• [Data listing]
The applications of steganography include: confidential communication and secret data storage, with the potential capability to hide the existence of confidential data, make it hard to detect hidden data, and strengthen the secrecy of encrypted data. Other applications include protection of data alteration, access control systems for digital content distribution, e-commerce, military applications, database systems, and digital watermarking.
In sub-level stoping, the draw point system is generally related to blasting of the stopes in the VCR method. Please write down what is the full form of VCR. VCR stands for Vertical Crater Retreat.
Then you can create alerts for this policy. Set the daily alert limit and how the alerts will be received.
...
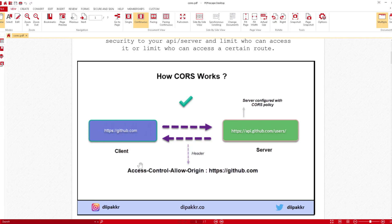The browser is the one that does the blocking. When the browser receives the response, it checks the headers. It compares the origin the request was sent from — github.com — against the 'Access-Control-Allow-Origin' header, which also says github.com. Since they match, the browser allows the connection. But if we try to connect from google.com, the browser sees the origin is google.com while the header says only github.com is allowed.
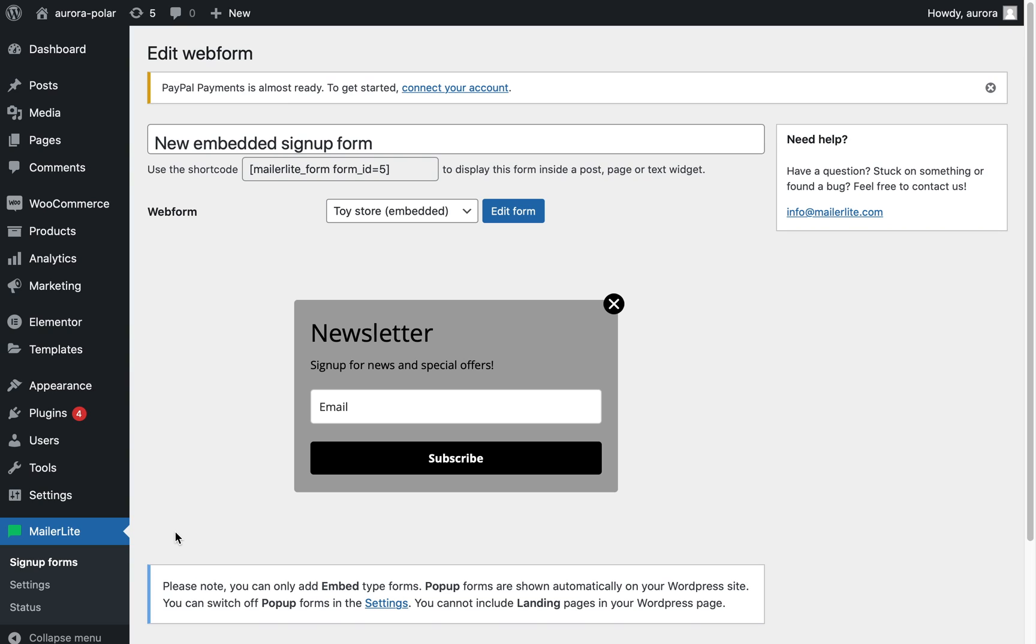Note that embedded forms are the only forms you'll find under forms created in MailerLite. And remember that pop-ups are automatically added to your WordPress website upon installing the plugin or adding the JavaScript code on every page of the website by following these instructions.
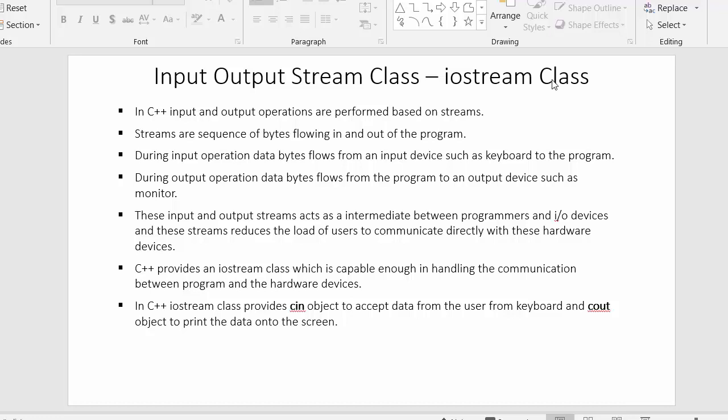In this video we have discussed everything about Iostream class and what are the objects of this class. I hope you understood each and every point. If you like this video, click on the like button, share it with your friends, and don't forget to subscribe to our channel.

• [What is expected] In the records above, the line with "The applications of" marks the start and the line with "Then you can" marks the end; copy that stretch exactly, both lines included, and nothing else.

• [Answer area]
The applications of steganography include: confidential communication and secret data storage, with the potential capability to hide the existence of confidential data, make it hard to detect hidden data, and strengthen the secrecy of encrypted data. Other applications include protection of data alteration, access control systems for digital content distribution, e-commerce, military applications, database systems, and digital watermarking.
In sub-level stoping, the draw point system is generally related to blasting of the stopes in the VCR method. Please write down what is the full form of VCR. VCR stands for Vertical Crater Retreat.
Then you can create alerts for this policy. Set the daily alert limit and how the alerts will be received.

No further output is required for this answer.